As tank cars overdue for requalification come out of storage in a thawing market, American Railcar Industries (ARI) also sees an opportunity to double-dip with retrofit work.
"Hopefully we will see a steady improvement in repair services as the year goes on," ARI chief executive John O'Bryan, who took over for Jeff Hollister in January, said today on a conference call.
Oh, Canada
One demand driver could be Canadian crude by rail, which is poised to grow over the next two years or more as increasing production is now bumping against static — and insufficient — takeaway pipeline capacity. But just as railroads Canadian National and Canadian Pacific have been loath to commit resources, remembering the rise and quick fall of such movements earlier this decade, equipment providers have long memories, too.
"This is not going to be a long-lived phenomenon," GATX's Titterton said. "Production has no place to go by pipeline, so there clearly is a need to move barrels out of Canada by rail.

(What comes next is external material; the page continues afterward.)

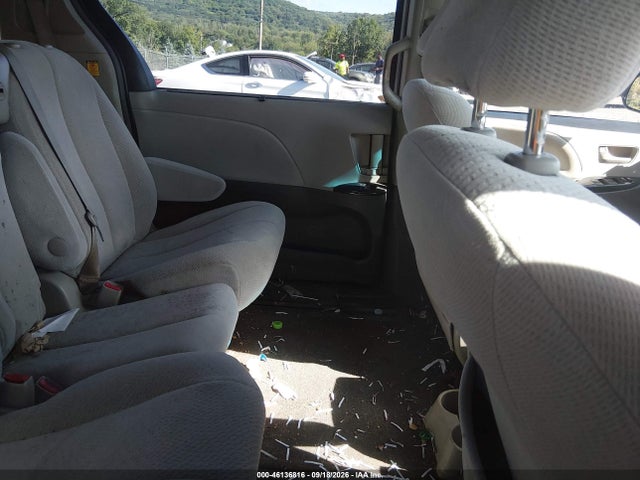 2013 Toyota Sienna Le V6 8 Passenger მანქანა იყიდება აუქციონზე, vin: 5TDKK3DC2DS329908, აუქციონის ნომერი: 46136816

But the question really is how long will that demand last, how long until those pipelines get built."
Enbridge hopes to have a replacement for its Line 3 pipeline into the US midcontinent, and the 370,000 b/d of restored capacity that comes with it, in service by mid- to late-2019 if they can get through Minnesota regulators in a timely manner. But crude still might be constrained by then, and the timetables for Kinder Morgan's 590,000 b/d Trans Mountain expansion to the British Columbian coast and TransCanada's 830,000 b/d Keystone XL pipeline to Nebraska are much fuzzier.
Looking south
There seems to be more long-term optimism among petroleum rail shippers about Mexico's staying power, considering its massive fuel appetite, relative closeness to the US Gulf coast refining and fractionation centers, large inland population centers and insufficient and tap-prone pipeline system.
On top of that, the 2015 tank car rules that focused on crude and ethanol movements allow refined products — which historically have had little presence on US rails — to run in legacy tank cars until 2029.
"We are really just seeing the beginning of [independent] refined products imports into Mexico," Kansas City Southern chief executive Pat Ottensmeyer told SWARS this week, noting that only a fraction of fuel movements from the US to Mexico take place on rails as infrastructure on both sides of the border continues to ramp up.
Titterton agreed that more US tank cars might find themselves in Mexico soon.
"Mexico could be a different story," he said. "If various market participants play their cards right, we are seeing on the tank car side significant and probably sustainable demand to move refined products into Mexico."
If rail's share of refined products movements from the US to Mexico ramped up to 20-25pc, compared with less than 5pc now, "you would see those refined products shipments rival propane and LPG in terms of total carloads" in the US, PLG Consulting chief executive Graham Brisben said. Since 2012, monthly LPG carloads have consistently hovered around 40,000, while refined products have been at trace levels.